Defect report from : Mark Ziegast , SHware Systems
(Please direct followup comments direct to yyyyyyyyyyyyyy@xxxxxxxxxxxxx)
@ page 119 line 3824 section 6.4 objection {030224-01}
Problem:
Defect code : 2. Omission
Synopsis:
Incomplete specification of encoding requirements for single-shift state
charsets.
Background:
(from C950.pdf)
3842 In lines defining ranges of symbolic names, the encoded value shall be the
value for the first symbolic name in the range (the symbolic name preceding the
ellipsis). Subsequent symbolic names defined by the range shall have encoding
values in increasing order. Bytes shall be treated as unsigned octets, and
carry shall be propagated between the bytes as necessary to represent the
range.
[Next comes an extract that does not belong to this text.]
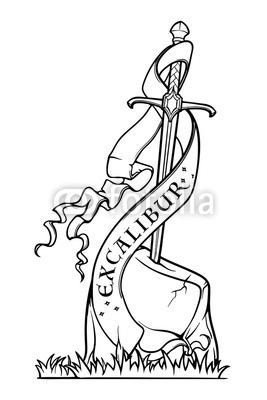267x400 Excalibur Sword Trapped In Stone Decorative Banner Iconic Scene - Excalibur Drawing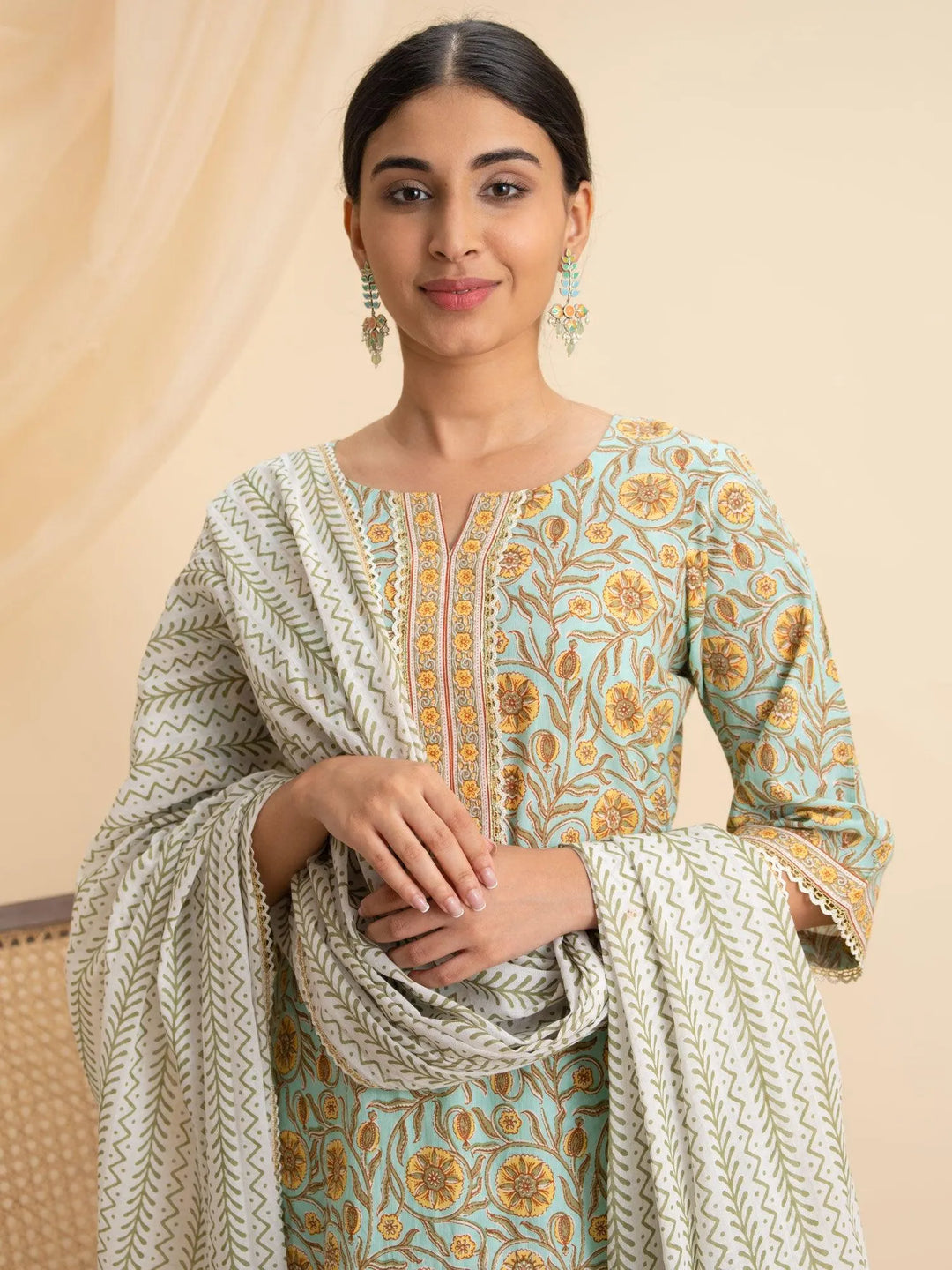 Green Printed Cotton Suit Set - Libas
For example, the line:
3847 <j0101>...<j0104> \d129\d254
3848 is interpreted as:
3849 <j0101> \d129\d254
3850 <j0102> \d129\d255
3851 <j0103> \d130\d0
3852 <j0104> \d130\d1
3853 The comment is optional.
Also,
3885 6.4.1 State-Dependent Character Encodings
3886 This section addresses the use of state-dependent character encodings
(that is, those in which the encoding of a character is dependent on one or
more shift codes that may precede it). A single-shift encoding (where each
character not in the initial shift state is preceded by a shift code) can be
defined in the charmap format if each shift-code/character sequence is
considered a multi-byte character, defined using the concatenated-constant
format described in Section 6.4 (on page 117).
as exampled above for a wide char range, and
3719 While in the initial shift state, all characters in the portable character
set shall retain their usual interpretation and shall not alter the shift
state. The interpretation for subsequent bytes in the sequence shall be a
function of the current shift state. A byte with all bits zero shall be
interpreted as the null character independent of shift state. Thus a byte with
all bits zero shall never occur in the second or subsequent bytes of a
character.
Problem:
As exampled by the definition of the wide character range <j0101-j0104> above,
a multi-byte character definition is allowed to have a <nul> as a second or
subsequent byte. It's also missing the leading zeroes in the last two lines of
the range expansion, but that's editorial. A single-shift encoding is expected
to use the same formats for individual chars and ranges of chars, yet by Par.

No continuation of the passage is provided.